Experiences of women in prenatal, childbirth, and postpartum care during the COVID-19 pandemic in selected cities in Brazil: the resignification of the experience of pregnancy and giving birth

Dear Academic Editor and Reviewers,

Thank you for the careful evaluation of the manuscript referred to above. After careful reading, we considered all suggestions made and responded item by item in this document. We are resubmitting the manuscript to Plos One, addressing the points raised during the review process. In addition to the 'Rebuttal letter', we have also included a 'Revised Manuscript with Track Changes' and an unmarked version of the paper without tracked changes, under the instructions received.

Thank you very much for the opportunity to review the work.

Kind regards,

The Authors

*******************************************************************************

When submitting your revision, we need you to address these additional requirements.

1. Please ensure that your manuscript meets PLOS ONE's style requirements, including those for file naming. The PLOS ONE style templates can be found at https://journals.plos.org/plosone/s/file?id=wjVg/PLOSOne_formatting_sample_main_body.pdf and https://journals.plos.org/plosone/s/fileid=ba62/PLOSOne_formatting_sample_title_authors_affiliations.pdf.

Authors' response:

Thank you very much. We reviewed according to PLOS ONE's style requirements, including those for file naming and templates.

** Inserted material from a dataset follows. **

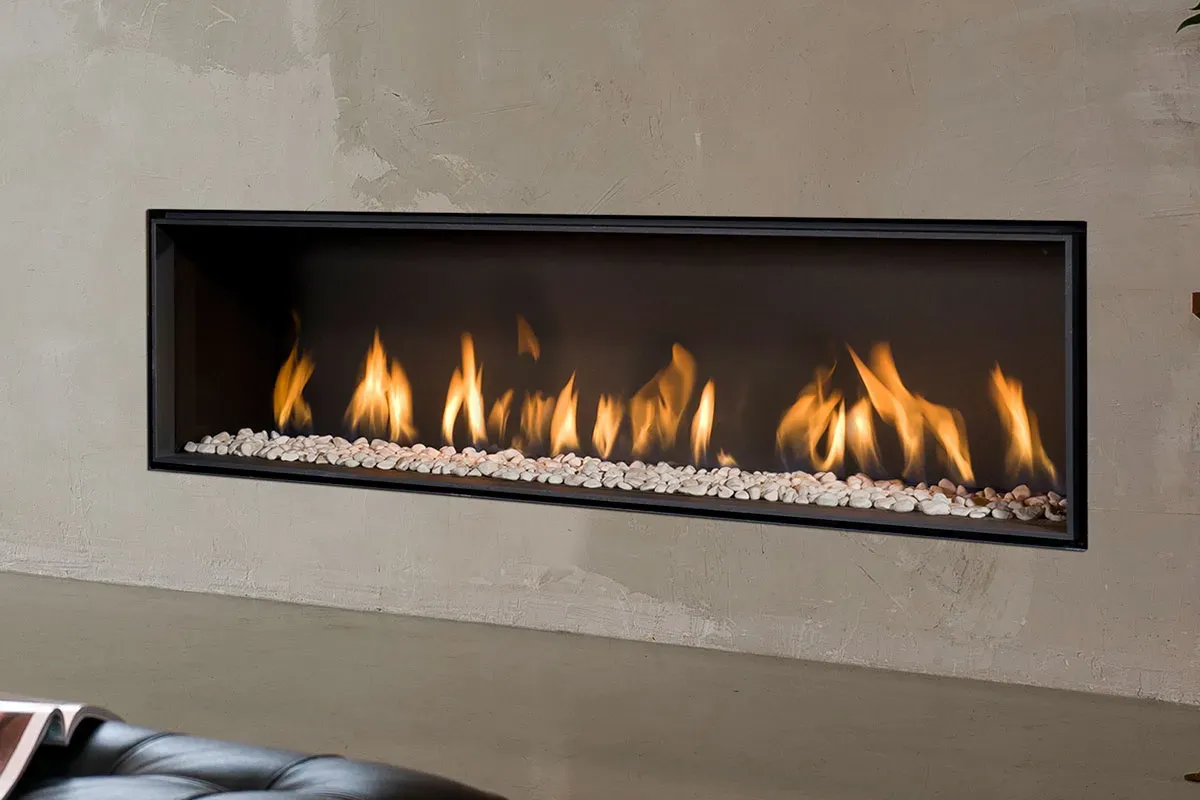 BELLFIRES קמין גז בנוי מודרני 11.4 KW רוחב 150 ס"מ עוצמתי לחלל גדול מבית Bellfires דגם Horizon Bell XL 3 — תמונה 2
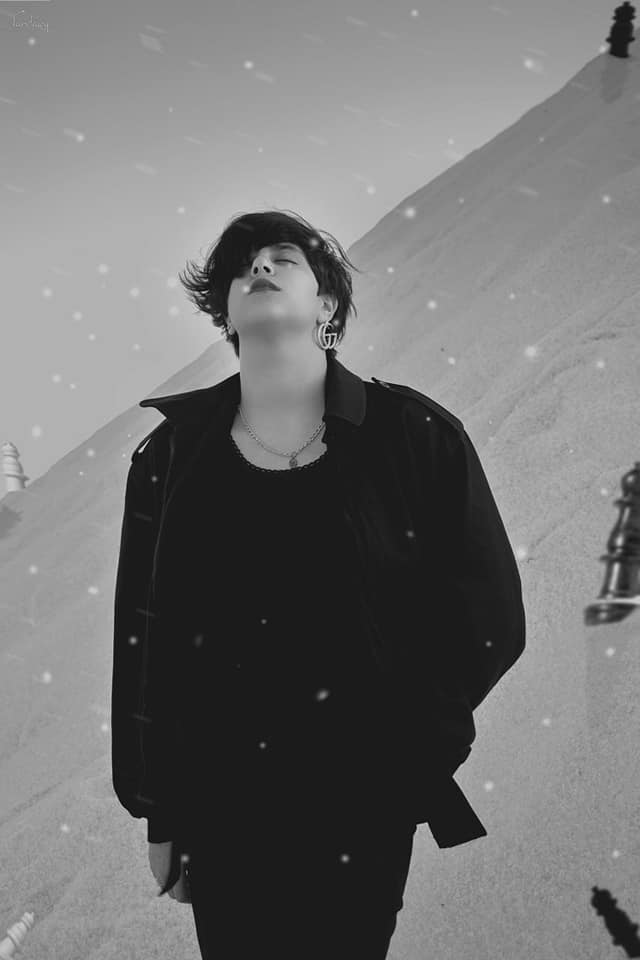 المصور محمود طنطاوي في جلسه تصوير أوروبية في جبل الملح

2. Please provide additional details regarding participant consent. In the ethics statement in the Methods and online submission information, please ensure that you have specified (1) whether consent was informed and (2) what type you obtained (for instance, written or verbal, and if verbal, how it was documented and witnessed). If your study included minors, state whether you obtained consent from parents or guardians. If the need for consent was waived by the ethics committee, please include this information. If you are reporting a retrospective study of medical records or archived samples, please ensure that you have discussed whether all data were fully anonymized before you accessed them and/or whether the IRB or ethics committee waived the requirement for informed consent. If patients provided informed written consent to have data from their medical records used in research, please include this information.

Authors' response:

Thank you. A written and signed informed consent was obtained from each participant, and the study protocol was approved by the Universidade Federal do Maranhão, Universidade Católica de Pelotas, and the Pan American Health Organization. The following text has been added:

“The research was approved by the Research Ethics Committee of the University Hospital of the Universidade Federal do Maranhão (CAAE 35645120.9.0000.5086, approved on August 25th, 2020, and amended on November 27th, 2020, to include Pelotas and Niterói). Besides, the research was further approved by the Research Ethics Committees of the Universidade Católica de Pelotas (CAAE 38281820.3.0000.5339, approved on November 9th, 2020) and the Pan American Health Organization (Ref. number PAHOERC.0260.02 on October 19th, 2020), in compliance with the Resolutions 466/12 and 510/16 of the National Health Council. All study participants signed an informed consent form in two copies - one was delivered to each participant, and the other kept by the project team. A written assent was signed by parents or guardians in case of adolescent participants. Funders did not interfere in the methodology or any other step that could influence the results or conclusions of the study. The interviewees were granted anonymity. The names were replaced by codes that started with the first letter of the municipality (N – Niterói; P – Pelotas; and S – São Luís), followed by the serial number of the interview, age of the woman interviewed, and period the recorded text referred to (pregnancy, childbirth or postpartum). When the interviewee referred to the care received in the health care network, the setting of care (MRH - low- and moderate-risk maternity; MAR - high-risk maternity; and UBS – primary care unit, acronyms in Portuguese) was inserted at the end of the coding.”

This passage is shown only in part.